Sure, UK may have shot the highest percentage - 64.5 on 40-of-62 shooting - in the Calipari era, but he wasn't particularly interested in talking about any of that. His topic of choice was Noel, the player who came in ranked as the nation's No. 1 freshman but plays with the fervor of a player trying to make varsity for the first time.

"I was telling the team, give him a hand," Calipari said.

Noel ended with a stat line reminiscent of one of Kidd-Gilchrist's. He got his points, scoring 15 on 6-of-8 shooting, but left no other column unfilled. He added seven rebounds, four assists and a block to along with a team-leading four steals. If floor burns were an official category, he would have led the team there too.

"I've always been relatively high energy," Noel said. "Since I'm at a high level  I think I've got to bring it every night, that energy, and just always being active for my team and just really making opportunities for the fast-break and just getting steals on the floor and throwing it out so my teammates can get going."

Getting his teammates going is exactly what Calipari is looking for out of Noel, in both the short and long term. Eventually, players will either become inspired to follow Noel's lead at all times or they'll tire of being the player not hustling by comparison.

"I told Nerlens, 'Just keep doing it, and they'll get it,' " Calipari said. "Because it becomes embarrassing when he's diving and you're jogging or you're standing straight up and get beat on the back door, and this kid's diving on the floor."

Wiltjer was Calipari's target for improvement following the loss against Duke in which the sophomore forward managed only five shots from the field. With Wiltjer having responded by hitting seven of UK's 11 treys, Coach Cal set his sights on Poythress and Archie Goodwin.

Both freshmen had relatively impressive statistical games, Poythress with his efficiency from the field and Goodwin with his 13 points and two 3-pointers, but Calipari once again wasn't interested in discussing those parts of the box score.

"We had Alex and Archie and Kyle combined for one rebound at halftime," Calipari said. "What are you doing? Why is that? You think you're just the offensive machine and everybody else should dive on the floor and rebound and not you?"

Poythress responded by showing a little more aggressiveness on the boards, but still not enough for Coach Cal's liking.

"Alex goes 9 for 10, and he played about 60 percent of the game," Calipari said. "The rest of the game, he kind of jogged around and looked around. Look at Nerlens, play like him, and you become ridiculous.  That's hard."

He realizes that saying a player who has scored at least 20 points in back-to-back games isn't doing enough seems crazy, but it speaks to the potential Calipari sees in him. Poythress understands that.

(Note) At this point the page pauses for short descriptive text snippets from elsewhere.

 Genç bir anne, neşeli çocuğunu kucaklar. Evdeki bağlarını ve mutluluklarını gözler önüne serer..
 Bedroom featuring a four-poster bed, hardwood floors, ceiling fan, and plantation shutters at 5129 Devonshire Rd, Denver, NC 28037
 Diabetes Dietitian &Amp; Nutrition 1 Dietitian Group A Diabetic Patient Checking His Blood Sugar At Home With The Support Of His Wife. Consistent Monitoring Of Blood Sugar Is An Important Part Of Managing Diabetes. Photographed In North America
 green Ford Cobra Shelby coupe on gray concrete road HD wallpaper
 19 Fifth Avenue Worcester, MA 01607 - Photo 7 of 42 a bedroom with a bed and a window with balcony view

"He expects more out of me," Poythress said. "He sees more in me. So I think that's a great compliment."

Goodwin is in the same boat.

Averaging 15 points a game through the first three games of a college career would be nice for a normal player. The thing is, Calipari doesn't think Goodwin is normal.

"Why wouldn't you end up with ten rebounds a game?" Calipari said. "Ten rebounds a game. Now what do you become as a player? Scoring, assists, speed, ten rebounds, what do you become? You're the best guard in the country."

Calipari doesn't think his team is normal either.

For Poythress, Goodwin and really his entire team, Calipari has a vision, one of a team that maximizes its potential in all areas. The Cats either don't believe how good they can be or haven't bought into doing what it will take to get it done, but Coach Cal is confident they'll get there.

"It's all stuff that we're capable of doing that I'm looking at these guys saying I want the best version of you, and the best version of our team," Calipari said. "Right now...I'm dragging guys. But that's okay. It's early."